Material for this task: Begin
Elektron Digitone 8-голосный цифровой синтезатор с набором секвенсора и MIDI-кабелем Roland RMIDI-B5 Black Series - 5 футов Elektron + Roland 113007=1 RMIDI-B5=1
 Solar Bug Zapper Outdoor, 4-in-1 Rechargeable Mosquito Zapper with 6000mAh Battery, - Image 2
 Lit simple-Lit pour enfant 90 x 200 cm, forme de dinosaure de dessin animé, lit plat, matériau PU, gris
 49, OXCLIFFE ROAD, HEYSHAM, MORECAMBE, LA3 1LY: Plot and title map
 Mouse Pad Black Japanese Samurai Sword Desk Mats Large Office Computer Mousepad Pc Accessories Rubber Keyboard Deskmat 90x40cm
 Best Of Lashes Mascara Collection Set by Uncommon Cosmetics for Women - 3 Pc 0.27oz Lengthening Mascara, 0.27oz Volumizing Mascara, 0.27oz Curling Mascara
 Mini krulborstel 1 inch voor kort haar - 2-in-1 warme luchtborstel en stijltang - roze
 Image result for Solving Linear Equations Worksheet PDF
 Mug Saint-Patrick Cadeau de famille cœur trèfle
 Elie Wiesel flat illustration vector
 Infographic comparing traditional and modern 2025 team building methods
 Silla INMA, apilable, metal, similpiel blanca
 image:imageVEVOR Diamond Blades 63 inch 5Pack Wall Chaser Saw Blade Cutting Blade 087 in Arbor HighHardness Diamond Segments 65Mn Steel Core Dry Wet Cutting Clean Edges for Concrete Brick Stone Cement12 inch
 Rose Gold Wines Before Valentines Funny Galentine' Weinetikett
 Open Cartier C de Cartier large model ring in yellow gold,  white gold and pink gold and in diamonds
Material for this task: End
● **About this task**:
Beginning at the line with "Lit simple-Lit pour" and stopping after the line with "Mini krulborstel 1", please write out every line of the data above exactly and nothing else.

● **Answer box**:
 Lit simple-Lit pour enfant 90 x 200 cm, forme de dinosaure de dessin animé, lit plat, matériau PU, gris
 49, OXCLIFFE ROAD, HEYSHAM, MORECAMBE, LA3 1LY: Plot and title map
 Mouse Pad Black Japanese Samurai Sword Desk Mats Large Office Computer Mousepad Pc Accessories Rubber Keyboard Deskmat 90x40cm
 Best Of Lashes Mascara Collection Set by Uncommon Cosmetics for Women - 3 Pc 0.27oz Lengthening Mascara, 0.27oz Volumizing Mascara, 0.27oz Curling Mascara
 Mini krulborstel 1 inch voor kort haar - 2-in-1 warme luchtborstel en stijltang - roze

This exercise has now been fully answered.